Spazeboy is blogging again, and he examined the recent talk Ned gave at Central Connecticut State University:
Ned Lamont spoke about the Connecticut economy yesterday at CCSU, and he had some harsh criticism for Governor Rell and her handling of the budget:
“We’re not bankrupt, but we’ve been flat as a pancake for a generation,” he said of the state economy.I am delighted to see Ned daring to criticize Governor Rell and her short-sighted budget. Actually, it’s not really all that daring, it only seems so because Democratic leadership in the state isn’t doing it.
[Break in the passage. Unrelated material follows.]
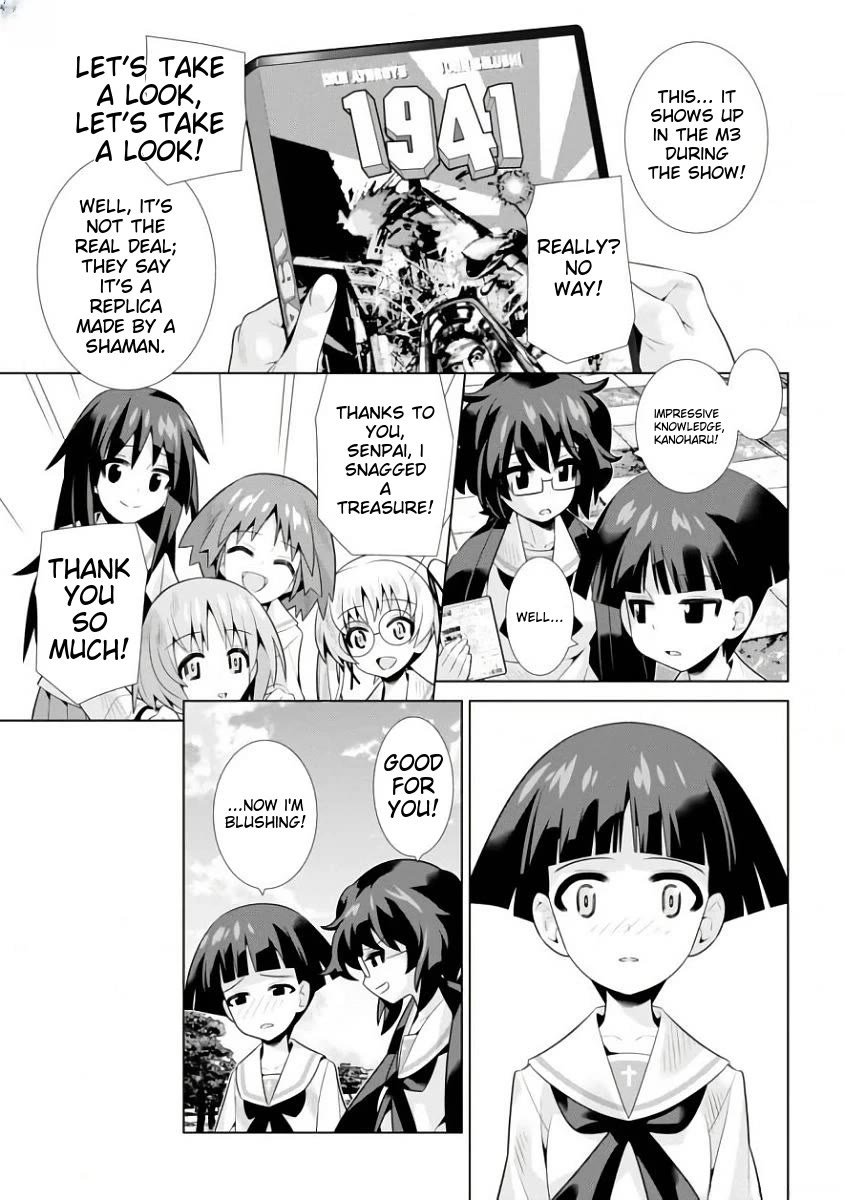 Girls und Panzer der Film Variante chapter 14 page 19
Then again, we’re talking about the same folks who were too scared to even censure Joe Lieberman after he stabbed them in the back, repeatedly.
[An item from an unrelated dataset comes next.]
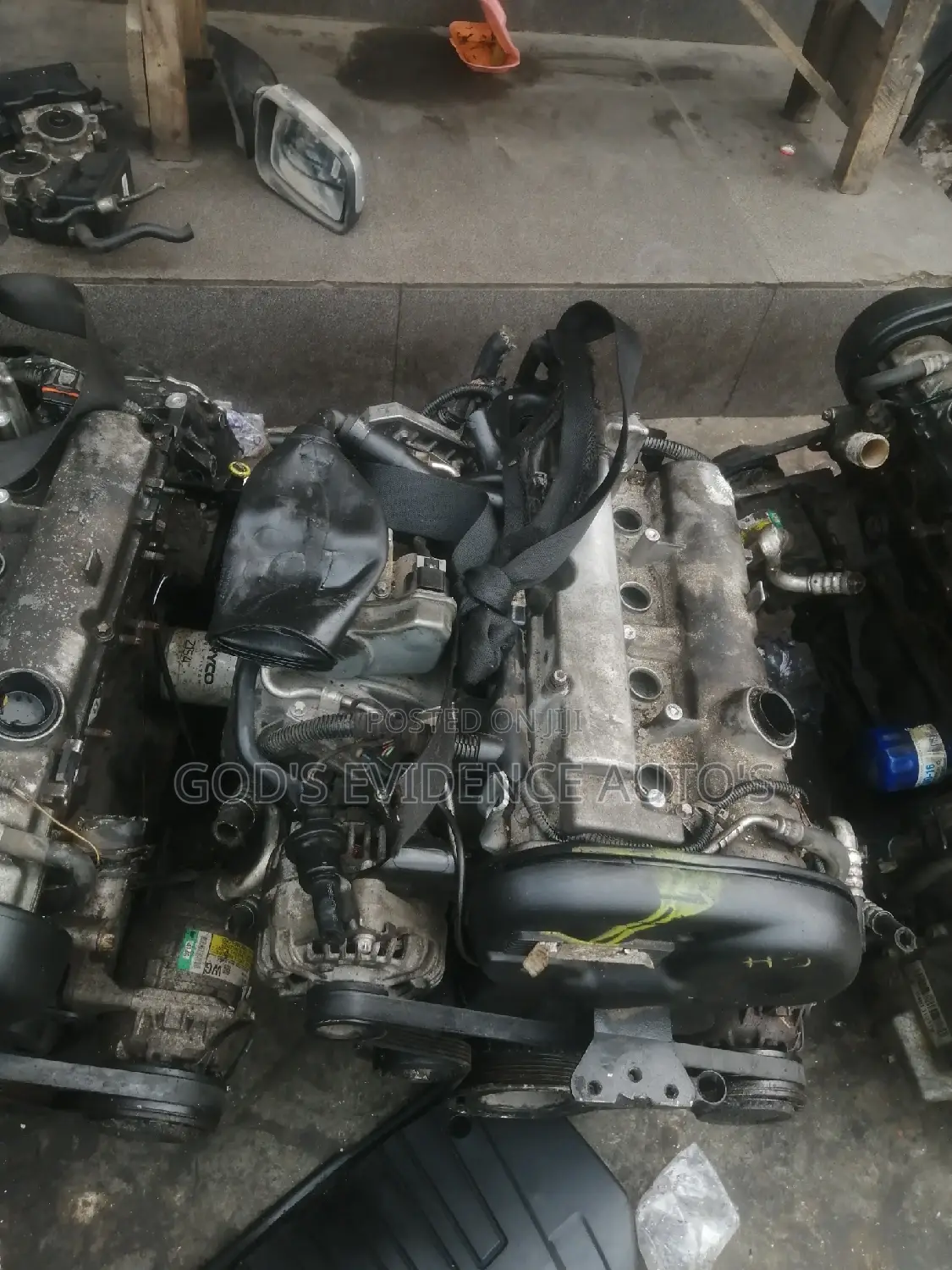 Complete Engine Opel Zafira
Unlike Rell, who has flat-funded education, Obama has proposed increased spending for priorities such as education and health care, he said.
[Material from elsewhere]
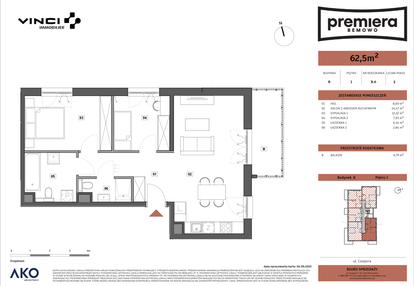 Mieszkanie w inwestycji: Premiera Bemowo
“We haven’t added any new jobs and many young people are leaving,” Lamont said of Connecticut.
He called her budget — $38.3 billion over two years with cuts meant to correct predicted billion-dollar deficits — a smattering of quick fixes with little in the way of important changes.
Rell recommended that people turn out lights when leaving their offices and not travel out of state as a way of paying down the deficit. Lamont hit at her intention to borrow against the state’s rainy-day fund.
“Her plan is extraordinarily shortsighted, and you young people should be outraged because they’ve borrowed against your future,” he said to the students.
In any case, Ned’s criticisms of Rell and the budget are spot on.
Education is the safest investment in town. It is critically important not to underfund or flat-fund our state’s institutions of higher education, because the Community College System and the State University System will play a vital role in helping Connecticut residents–and by extension, Connecticut itself–bounce back in the years to come.
It is downright shameful that Governor Rell is demanding these kinds of short-sighted cuts before considering any avenues for increasing revenue. By doing so, she is putting her bid for re-election before both the short and long-term welfare of the state. For an accidental governor, this lack of leadership and abundance of poor judgment could be excused but for the fact that she sought and won re-election.
In her 2006 campaign, she “stayed away from any flashy campaign promises,” according to this NY Times bio. Who would have thought that promising nothing meant we might actually end up with it?